Switches IS5025 stopped working (yellow LED on all ports)

Dear Colleagues,

Until recently we have been using our three InfiniBand IS5025 switches, connected to have 3x 36 ports, in production. This week we had a power shutdown in our server room, and the three switches were on UPS, so they did not lose the power. When we recovered the power, however, our machines cannot access the InfiniBand anymore. Strangely on the three switched it seemed that there were two “blocks” of ports with yellow, the rest green LED on each port. I tried to recover the connections by restarting one of the switches (power off/on), but after this all the ports show a yellow LED, and of course no connection between the nodes.
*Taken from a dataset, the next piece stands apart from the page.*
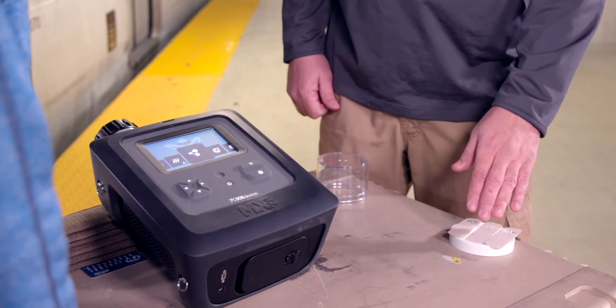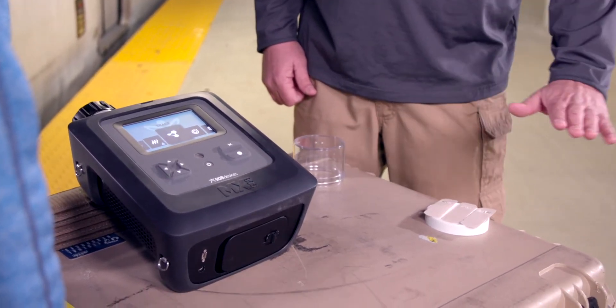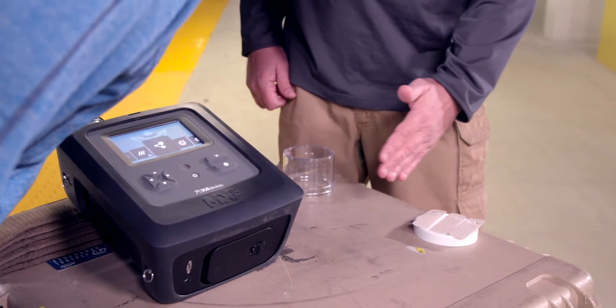This is the original swab. When you're going to run a trace sample like we're going to do now, you run a swab of the swab of the swab. You want to go from the highest concentration and then minimize and start with the lowest concentration first.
A side note, we have a second network, with two switches of the same type, on the same computing cluster, and that network seems to continue working fine (there are some nodes that have two InfiniBand cards in them, the one on the first network does not, on the second work does work).
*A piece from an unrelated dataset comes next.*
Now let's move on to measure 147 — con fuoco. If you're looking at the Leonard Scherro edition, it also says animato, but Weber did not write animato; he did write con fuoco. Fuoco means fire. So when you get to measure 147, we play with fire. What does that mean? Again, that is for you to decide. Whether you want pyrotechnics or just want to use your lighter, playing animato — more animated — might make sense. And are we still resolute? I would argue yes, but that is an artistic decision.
Would any one have an idea what I could try next? I must admit that I do not have much experience in maintaining InfiniBand networks, I became the administrator here once the cluster was already operational.

Thank you in advance for any suggestions!

Hi Ari,

Sounds like there is SM (subnet manager) running.
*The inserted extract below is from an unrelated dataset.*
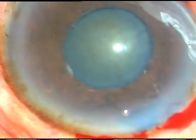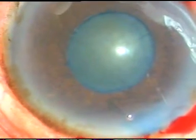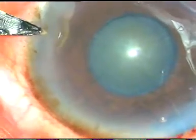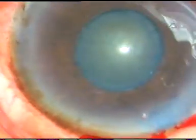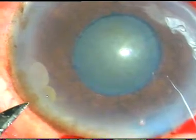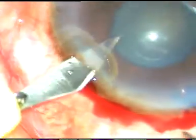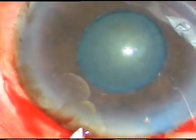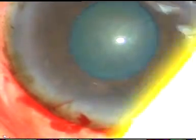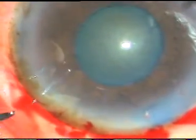Now I am making some stab incisions. One stab incision has been given at 10 o'clock. This is at 4 o'clock and this is a side port incision for introduction of the chopper. This is a stab incision at 1 o'clock and one more stab incision at 7 o'clock.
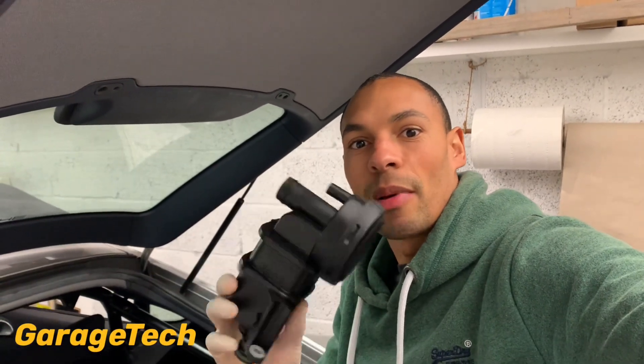Hi guys, welcome back to GarageTech with me Darren. In this video I'm going to show you how to replace your AOS valve, so it's the air oil separator valve. This is on the Porsche Cayman 3.4 from 2009 to 2012. So I'll get straight into it.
can you run the command “sminfo” from one of the Linux servers (with sudo)?

if there is no response, try startin opensm on one of the servers:

opensm -B

Hello Eddie,

Thank you very much for your reply! Indeed, you were right: The old master, which had been dismounted from all the services, was still running the ‘opensm’ for the networks, but when we had moved that machine outside the InfiniBand network during the power shutdown. So now when I started the ‘opensm’ on the new frontal node of the cluster, I could indeed recover the green lights and the connections. :) Thank you again, I appreciate very much your time and effort!!